Jackson, who began working in the woods at 19, helped lead a weeklong blockade along the Quebec border in 1998 to bar Canadian loggers, whom Americans blamed for driving down pay scales. A year later, he organized a protest outside the Labor Department office in Augusta.

But the protests and petitions to government leaders brought little change, prompting Jackson to run for the Legislature to see what he could accomplish from the inside.

“I thought maybe if I come down here and change people’s minds, we’d have a better chance,” he said.

Running as an independent in an overwhelmingly Democratic district, Jackson came close to defeating his Democratic opponent in 2000. Two years later, he unseated the incumbent by a comfortable margin.

Jackson aligned himself with the Democrats this year, citing their support for his collective bargaining bill. But Democratic Gov. John Baldacci, who opposes the measure, has refused to agree to withhold a veto should it become law.

“The governor is business minded,” he said. “This state talks a lot about small business people, and these men are small businessmen. But what happens here is that there’s bigger business on the other side, and no one wants to step on their toes.”
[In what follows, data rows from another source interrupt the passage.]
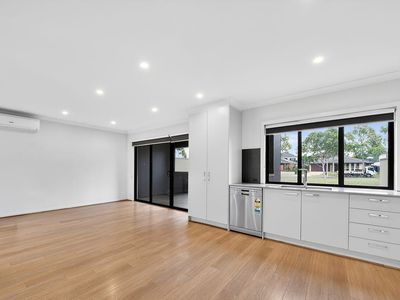 75 / 27 Turva Avenue, Tarneit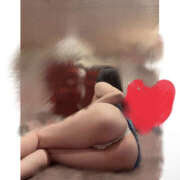 ♡あんこ♡ 日常。 MUTEKI LAND奈良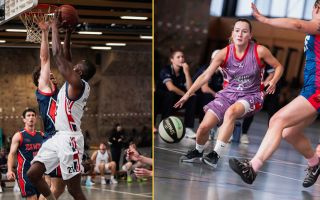 04092026 UKAF basketball v Australian Defence Force CREDIT UKAF Basketball.jpg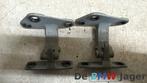 achterklep scharnieren BMW X5 E53 8402183, Auto-onderdelen, Gebruikt, Ophalen of Verzenden, BMW, BMW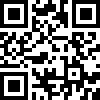 https://iscanews.ir/xdMKq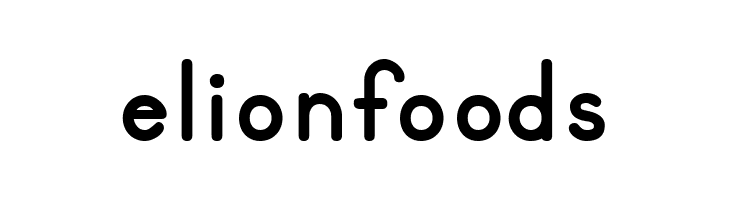 PrimerPrint-Bold  Free Fonts Download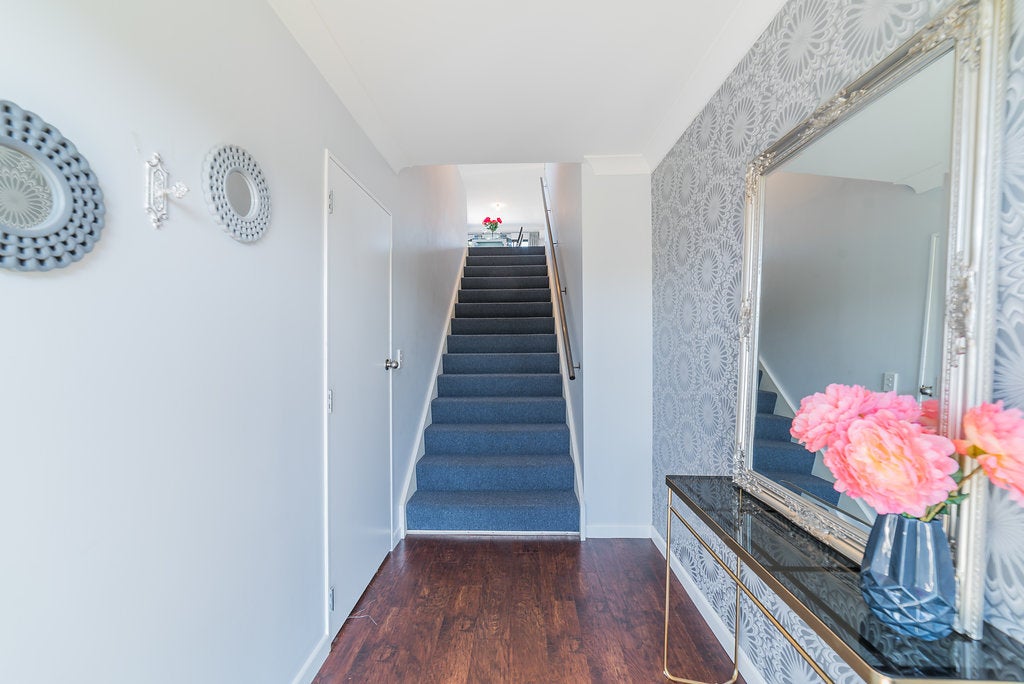 73 Queens Road, Waikanae Beach, Waikanae - Carousel 2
A member of the Labor Committee, Jackson has been shepherding the bill through the legislative process.

It was twice approved in the House, only to stall in the Senate. It was carried over to this year, and Jackson expects opposition from landowner lobbyists and others in the forest industry. He plans to have a contingent of loggers with him when it reaches the floor in each chamber.
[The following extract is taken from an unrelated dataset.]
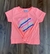 Blusinha Brandili 35426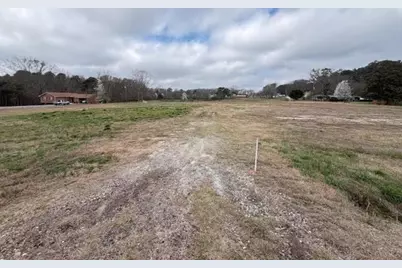 T1 461 Harry McCarty Road, Bethlehem, GA 30620 - Photo 7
Irving and the Maine Forest Products Council say the legislation is unnecessary.

“Our relationship with contractors is business to business, just as it is with the rest of the forest products industry,” said Chuck Gadzik, operations manager for Irving Woodlands.

He said his company deals with contractors, ranging from one-man operations to those that gross about $1 million. He said Irving deals with everyone on an individual basis.
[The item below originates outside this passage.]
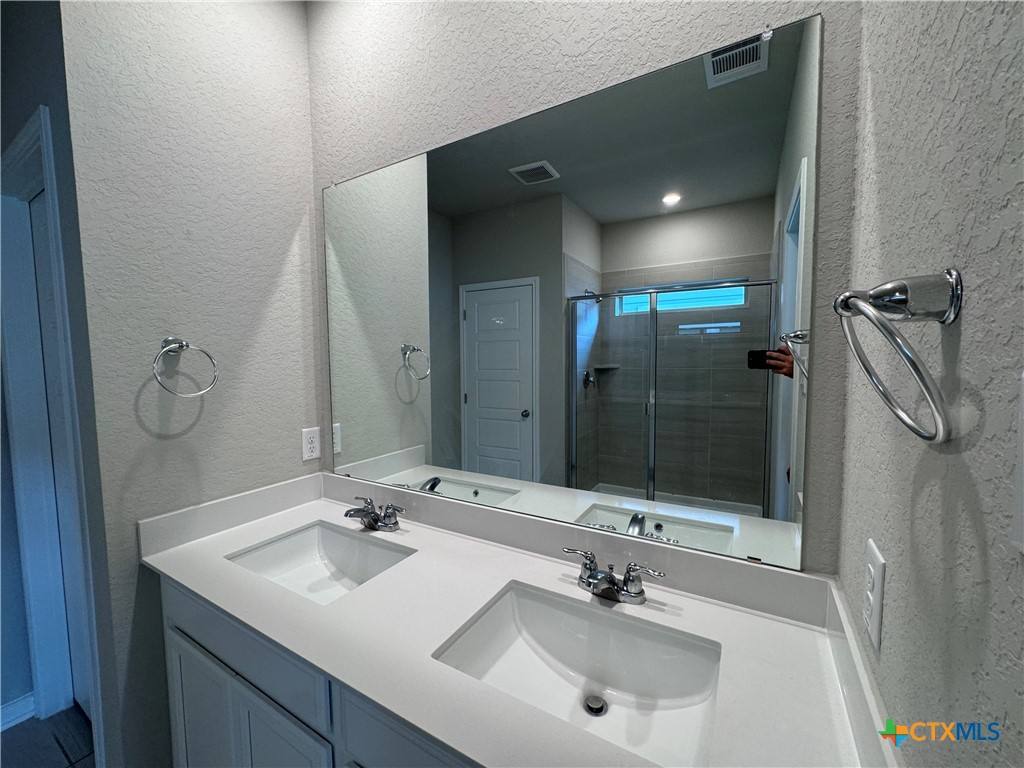Apartment for rent at 1280 Ella Crossing, New Braunfels, TX 78130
“It’s one size fits all, that’s a concern of ours,” agreed Patrick Strauch of the Maine Forest Products Council, which represents logging contractors as well as mills and landowners.

To Jackson, the reality is that Irving dictates its rates to contractors, with no chance for negotiations.

As a child growing up in Allagash and St. Francis, Jackson would ride in his father’s logging truck whenever he could. Today, he said he would advise his two sons, 9 and 12, not to follow the career path he chose.

“I wouldn’t have a problem with them working in the woods if I knew they were going to make a decent living,” he said.

Hourly pay ranges from $9 to $13, depending on experience and equipment, he says. But woodcutting grinds to a three-month halt in the spring. Bad weather and equipment breakdowns also eat into loggers’ income, and few bosses provide benefits or vacations.

Jackson said the shift to mechanization, which has taken hold most strongly in the North Woods, forced contractors to acquire expensive machines that have made chain saws all but obsolete.

As a result, contractors lock themselves into huge payments to buy their equipment and are forced to run it 24 hours a day in order to pay off loans, he said.

For his part, Jackson operates a delimber owned by a contractor. He said he’s not prepared to spend $230,000 for his own machine and saddle himself to payments that might outlast its working life.

“No way I’m going to buy any equipment,” he said. “What you’re doing is buying yourself a job, and I can get that without that type of headache.”

Jackson’s desire to remain in his native St. John Valley limited his work options. He earned a degree from the University of Maine at Fort Kent but found few opportunities to apply his computer-related studies.

“I know I’m smart enough to do a lot of things, but because of where I live I chose to work in the woods and I just can’t get away from it.”